Gdy senior poprosił o przekazanie słuchawki synowi, oświadczyła, że nie jest to możliwe, bo jest przesłuchiwany przez prokuratora. Wciąż naciskany przez oszustkę, powiedział, że ma w domu 55 tysięcy złotych. Wtedy usłyszał dane osoby, która miała zgłosić się po pieniądze. Po kilku minutach do drzwi ich mieszkania zapukał mężczyzna.

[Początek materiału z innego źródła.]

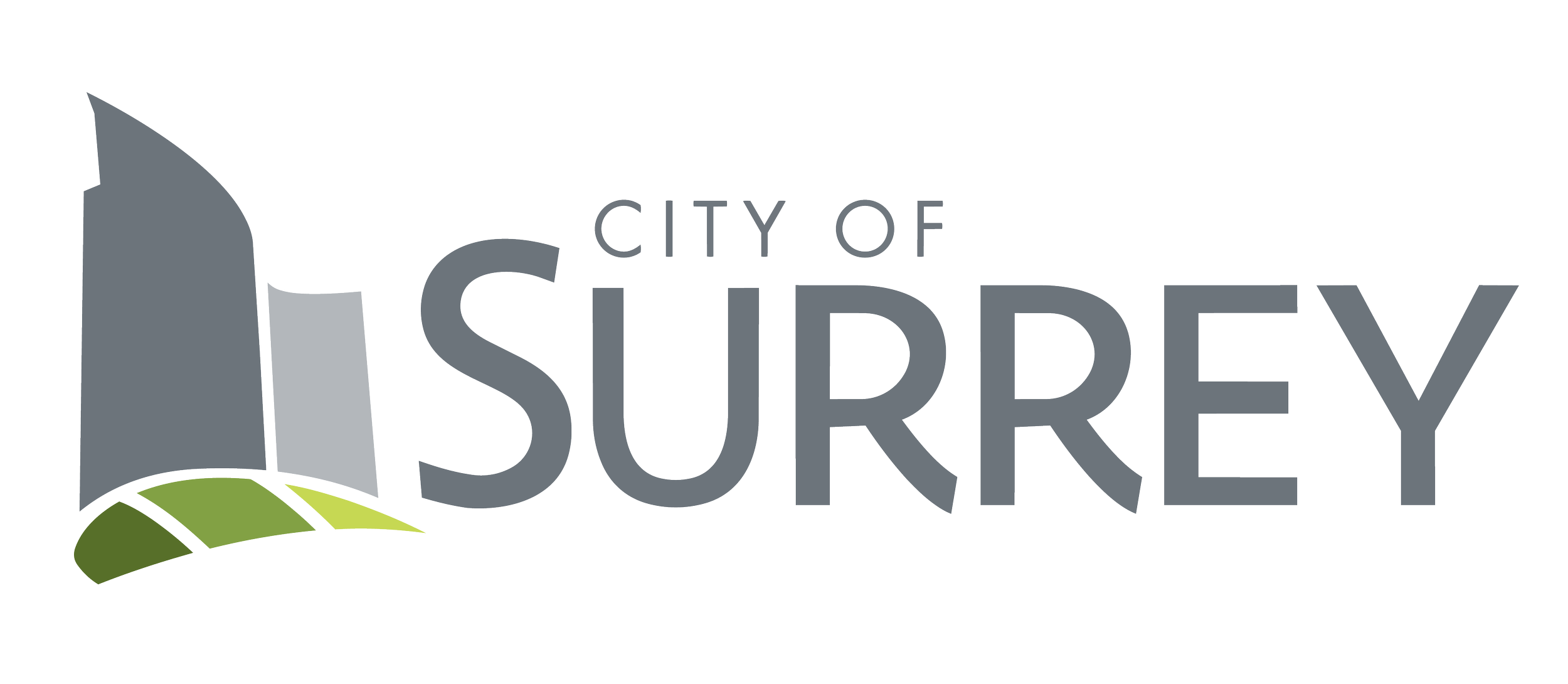 Stylized logo of the City of Surrey, featuring modern building graphics and green landscape elements.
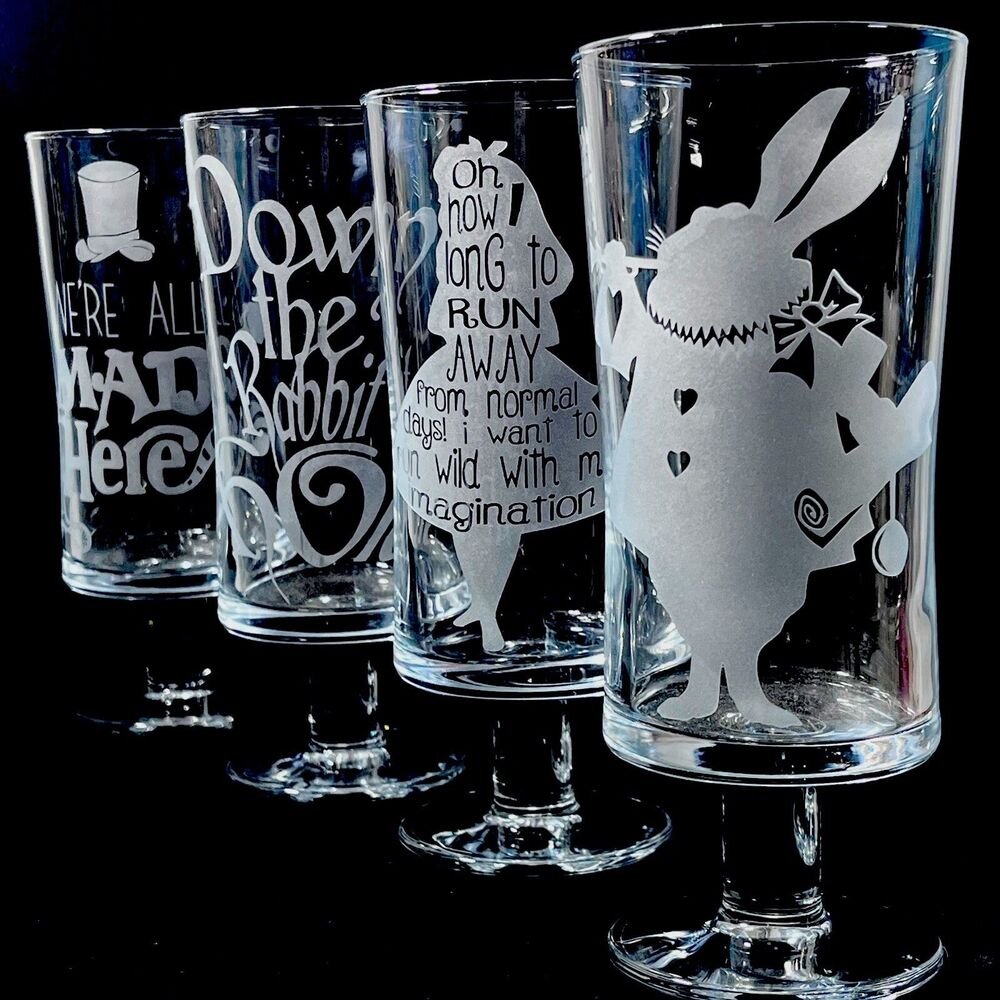 Alice In Wonderland Parfait Etched Glass Set of 4 Custom Made Footed Clear‎ OOAK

80-latek wpuścił go do środka i poprosił o dowód. Mężczyzna oświadczył, że zostawił go na komisariacie. W tym czasie żona 80-latka próbowała dodzwonić się do syna. To właśnie w tym momencie małżeństwo uświadomiło sobie, że mają do czynienia z oszustem. 80-latek zamknął na klucz drzwi mieszkania, a jego żona zadzwoniła na numer alarmowy.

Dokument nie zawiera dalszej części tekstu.